You are completely right. But since this is most basic SAS code, I sincerely suggest you acquaint yourself with the most basic SAS techniques before delving head-on into something as advanced as IML.


What transformation will you be doing in IML that requires the presence of what is basically arbitrary text?

Opal | Level 21

It is possible that some zip code values are not convertible, and that's why importing the data treats them as character.  For example, you may have some nine-digit zip codes with a dash after the first five digits.


At any rate, you can convert to numeric (as a separate variable):


newvar = input(zipcode, 5.);


You will lose any information after the 5th character by doing that (hence any 9-digit zip codes will become 5-digit zip codes).

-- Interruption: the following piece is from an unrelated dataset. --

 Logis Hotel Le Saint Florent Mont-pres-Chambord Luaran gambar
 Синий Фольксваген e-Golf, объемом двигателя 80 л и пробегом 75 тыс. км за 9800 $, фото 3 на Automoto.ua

There is no way to store a leading zero in a numeric, in SAS.  SAS is not storing a set of digits, but is storing the value.  You can print a numeric with leading zeros:


format newvar z5.;


You can also convert back to character at a later stage:


zipcode = put(newvar, z5.);



Obsidian | Level 7
Are the newvar = input(...) and the zipcode= put (newvar, z5.); statements part of the PROC DATA step?

Also, will the codefield = put (newvar, z12.); statement add a leading zero to an 11-digit number?
Opal | Level 21

All the statements that I suggested would be part of a DATA step.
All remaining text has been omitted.